#### Requirement:
Using the records below, copy exactly the part that opens with the line holding "MausBot app settings" and closes with the line holding "Wzór do haftu", minus the pictures.

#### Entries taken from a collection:
Segment Open

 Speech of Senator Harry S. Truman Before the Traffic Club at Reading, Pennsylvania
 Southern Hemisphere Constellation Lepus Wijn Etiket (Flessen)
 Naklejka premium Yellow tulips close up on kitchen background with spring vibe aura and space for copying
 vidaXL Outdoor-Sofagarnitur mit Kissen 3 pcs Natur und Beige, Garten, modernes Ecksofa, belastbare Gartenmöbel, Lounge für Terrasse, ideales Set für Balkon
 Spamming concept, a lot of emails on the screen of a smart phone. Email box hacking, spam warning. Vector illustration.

Segment Closed
Segment Open

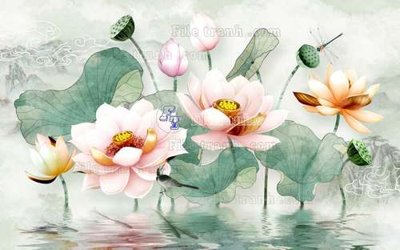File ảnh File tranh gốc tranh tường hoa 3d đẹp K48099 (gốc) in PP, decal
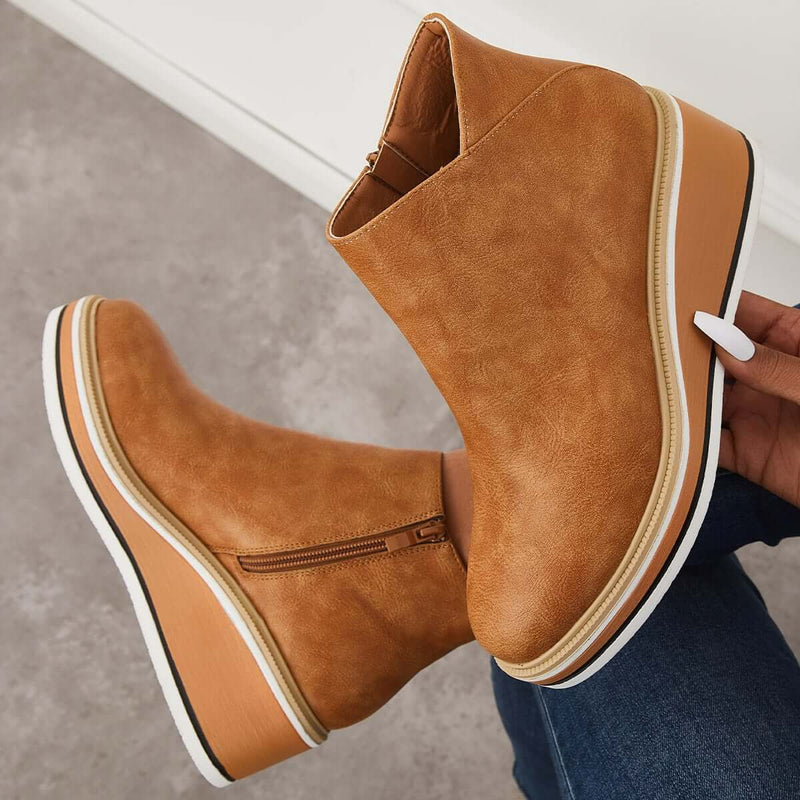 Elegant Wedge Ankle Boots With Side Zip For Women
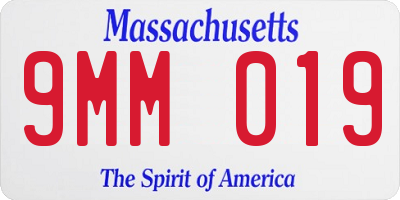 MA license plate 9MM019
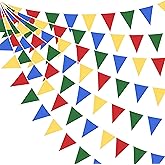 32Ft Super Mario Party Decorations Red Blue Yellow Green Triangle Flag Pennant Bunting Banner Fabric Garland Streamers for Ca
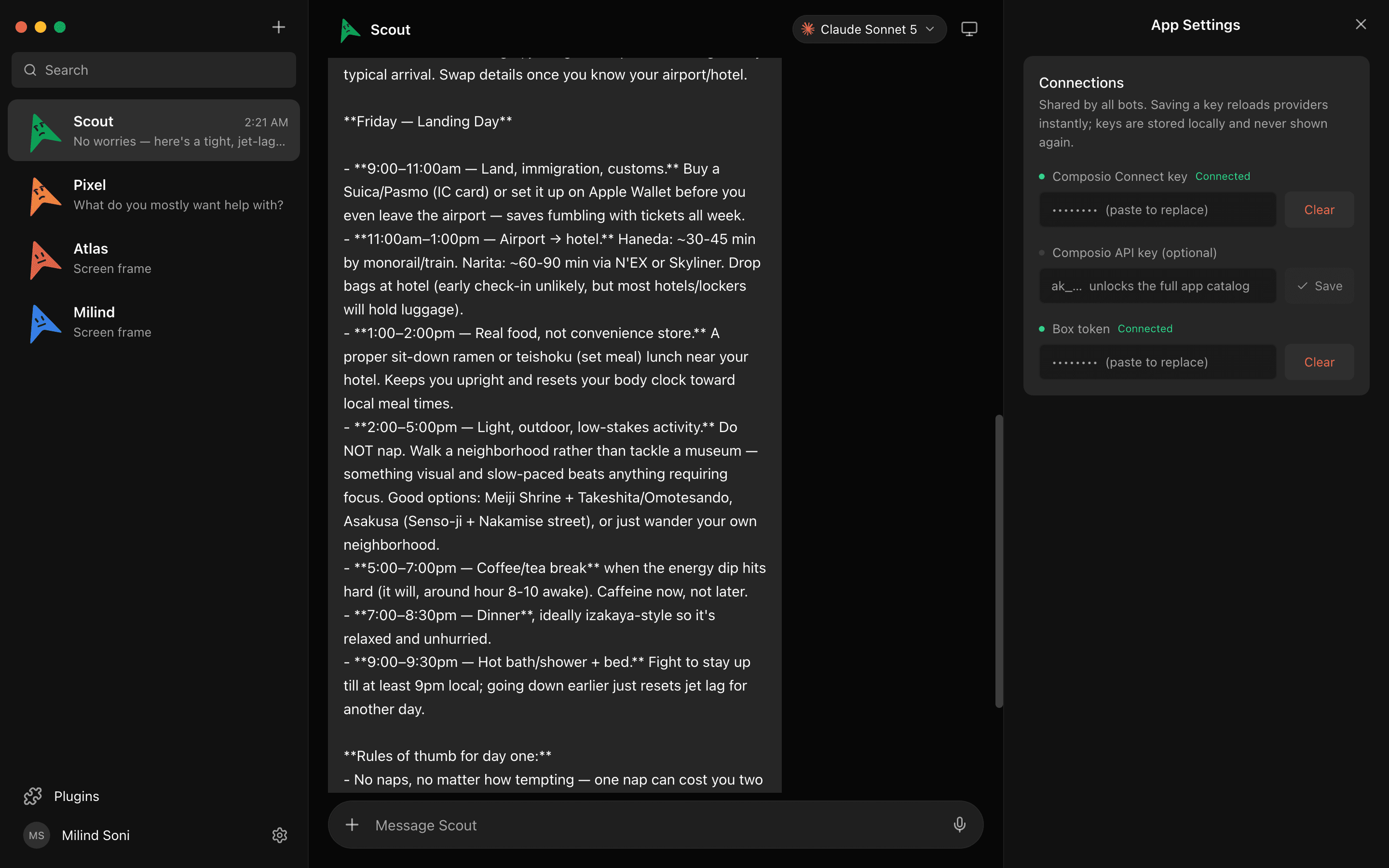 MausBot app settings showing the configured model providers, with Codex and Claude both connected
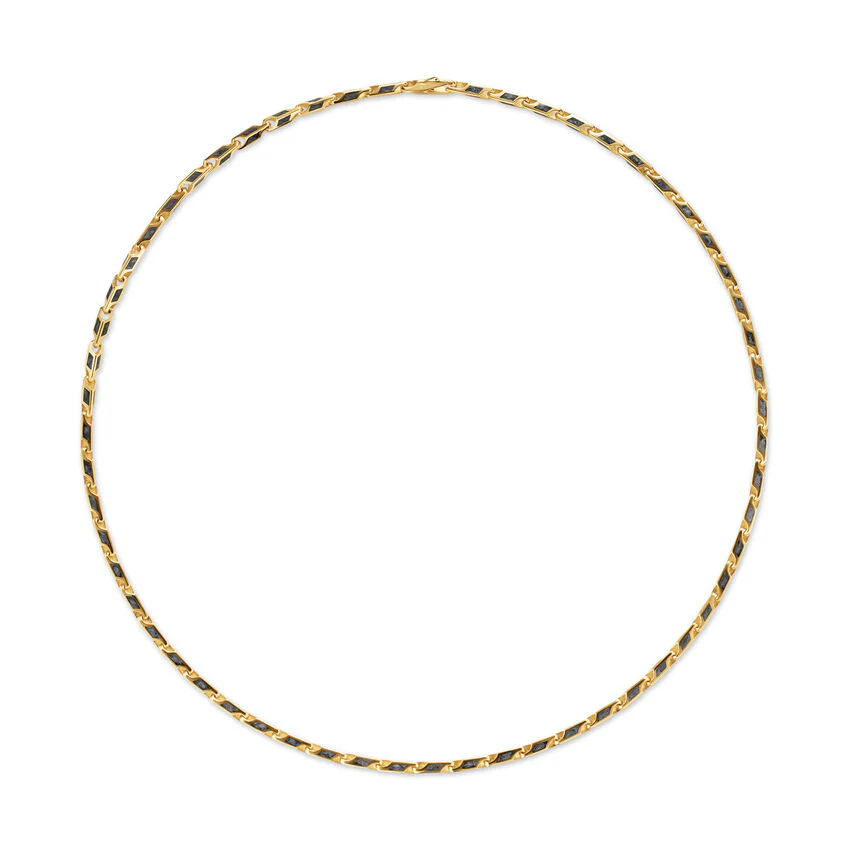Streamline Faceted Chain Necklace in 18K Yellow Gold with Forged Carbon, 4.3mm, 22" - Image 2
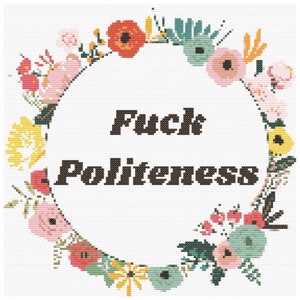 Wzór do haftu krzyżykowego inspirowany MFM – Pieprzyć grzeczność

Segment Closed

#### Result of the task:
 MausBot app settings showing the configured model providers, with Codex and Claude both connected
Streamline Faceted Chain Necklace in 18K Yellow Gold with Forged Carbon, 4.3mm, 22" - Image 2
 Wzór do haftu krzyżykowego inspirowany MFM – Pieprzyć grzeczność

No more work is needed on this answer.